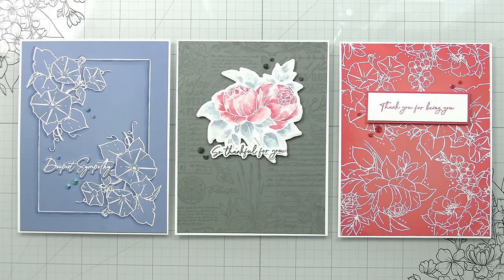I hope this inspires you to try heat embossing. If you're a new card maker, I hope it was informative for you. Thank you guys so much for spending your time with me — I always appreciate you and I will catch you on the next video.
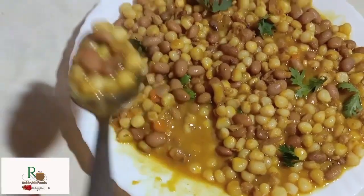Githeri is a mixture of beans and maize. In this channel I've done two or three different videos of Githeri, including traditional Githeri. Today I'm going to share how the common or modern Kenyan Githeri is done.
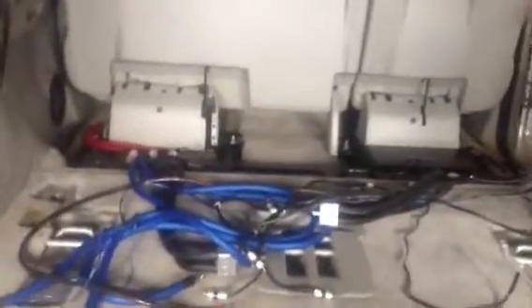Just for some of you guys, if y'all plan on doing a future build or y'all plan on dynamating the truck, make sure you get the good shit. Because if you get anything other than Second Skin or Dynamat, good chances are that shit is probably going to fall off. Right here is a prime example of using cheap dynamat.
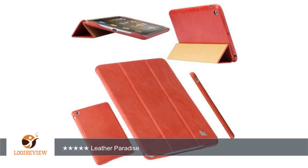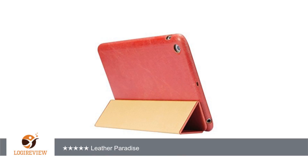First impression: the packaging was well made and easy to open. Second impression: installation was pleasantly easy. Third impression: all iPad controls and functions are accommodated well by the design.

> _WORK TASK_
Output the data above without changes, apart from leaving out the pictures.

> _YOUR SOLUTION_
I hope this inspires you to try heat embossing. If you're a new card maker, I hope it was informative for you. Thank you guys so much for spending your time with me — I always appreciate you and I will catch you on the next video.
Githeri is a mixture of beans and maize. In this channel I've done two or three different videos of Githeri, including traditional Githeri. Today I'm going to share how the common or modern Kenyan Githeri is done.
Just for some of you guys, if y'all plan on doing a future build or y'all plan on dynamating the truck, make sure you get the good shit. Because if you get anything other than Second Skin or Dynamat, good chances are that shit is probably going to fall off. Right here is a prime example of using cheap dynamat.
First impression: the packaging was well made and easy to open. Second impression: installation was pleasantly easy. Third impression: all iPad controls and functions are accommodated well by the design.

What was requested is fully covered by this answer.